*** DATA EXTRACT

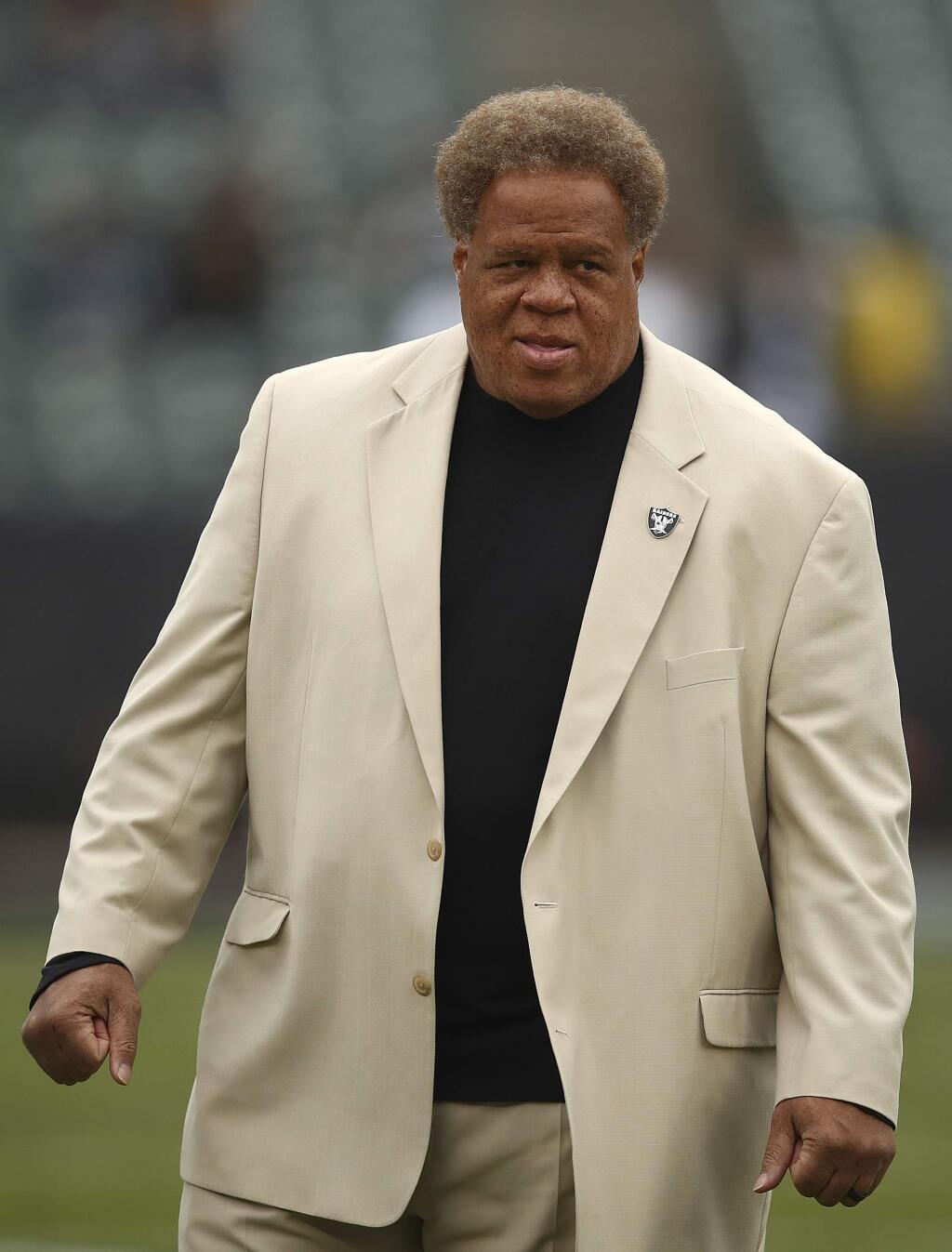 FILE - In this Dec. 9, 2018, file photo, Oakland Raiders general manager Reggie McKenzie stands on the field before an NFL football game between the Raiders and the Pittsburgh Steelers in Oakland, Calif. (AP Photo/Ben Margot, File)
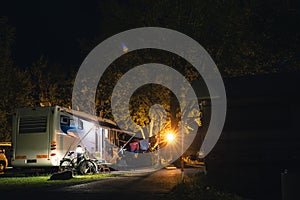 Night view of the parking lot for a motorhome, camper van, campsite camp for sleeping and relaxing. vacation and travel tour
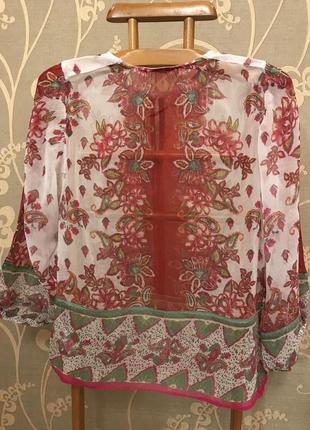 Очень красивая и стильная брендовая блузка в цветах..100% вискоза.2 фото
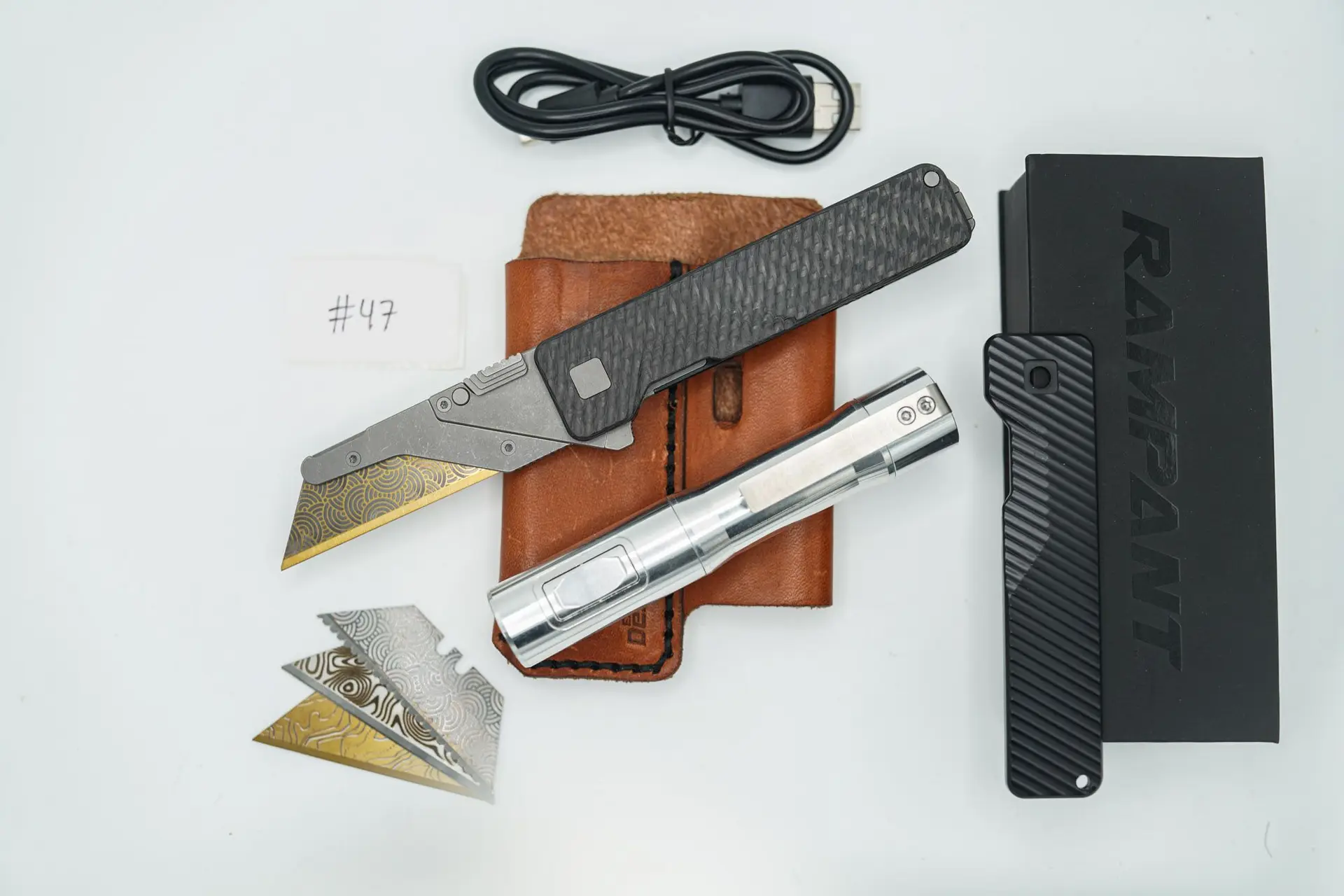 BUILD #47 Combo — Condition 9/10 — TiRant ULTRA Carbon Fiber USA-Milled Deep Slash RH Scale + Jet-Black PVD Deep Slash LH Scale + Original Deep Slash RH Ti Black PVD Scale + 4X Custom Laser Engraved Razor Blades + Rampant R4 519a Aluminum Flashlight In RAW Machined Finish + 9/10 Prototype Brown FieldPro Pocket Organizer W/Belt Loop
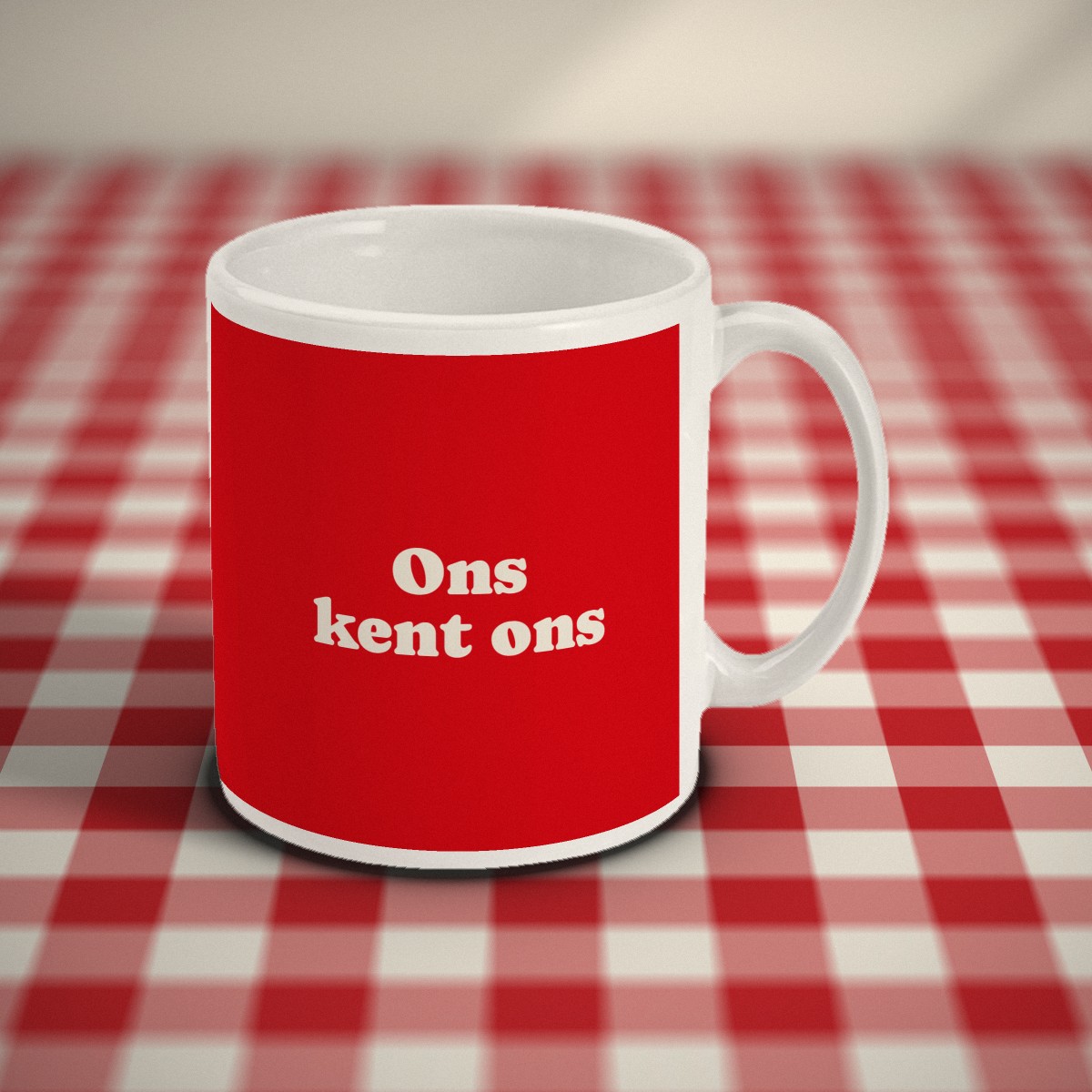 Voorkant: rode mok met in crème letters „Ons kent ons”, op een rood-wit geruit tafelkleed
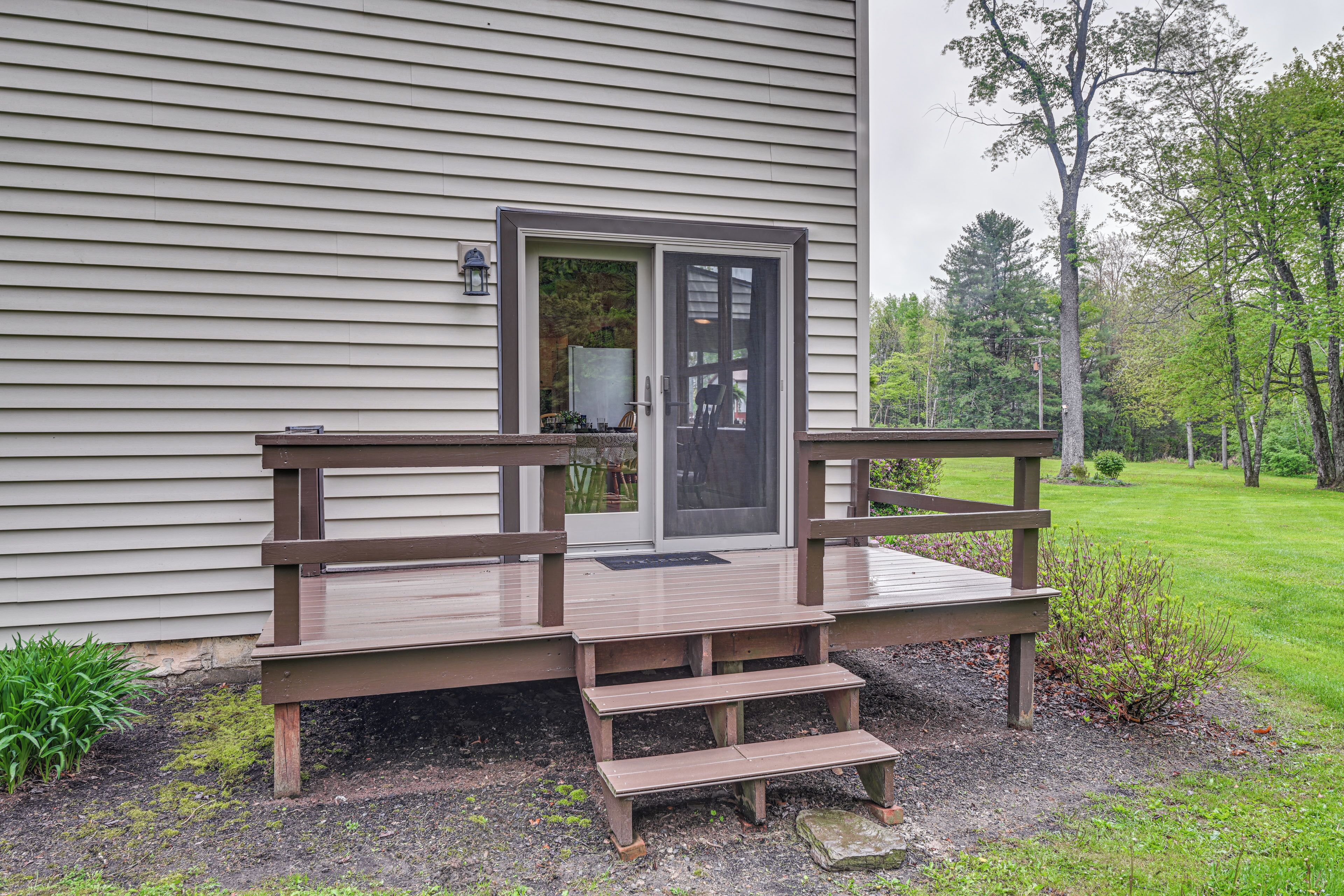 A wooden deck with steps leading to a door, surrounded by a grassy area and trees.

******

_INSTRUCTIONS FOR THE TASK_
The answer should contain only the lines from the one with "Очень красивая и" through the last line of the material, given word for word and without pictures.

_RESULT OF THE EXERCISE_
 Очень красивая и стильная брендовая блузка в цветах..100% вискоза.2 фото
 BUILD #47 Combo — Condition 9/10 — TiRant ULTRA Carbon Fiber USA-Milled Deep Slash RH Scale + Jet-Black PVD Deep Slash LH Scale + Original Deep Slash RH Ti Black PVD Scale + 4X Custom Laser Engraved Razor Blades + Rampant R4 519a Aluminum Flashlight In RAW Machined Finish + 9/10 Prototype Brown FieldPro Pocket Organizer W/Belt Loop
 Voorkant: rode mok met in crème letters „Ons kent ons”, op een rood-wit geruit tafelkleed
 A wooden deck with steps leading to a door, surrounded by a grassy area and trees.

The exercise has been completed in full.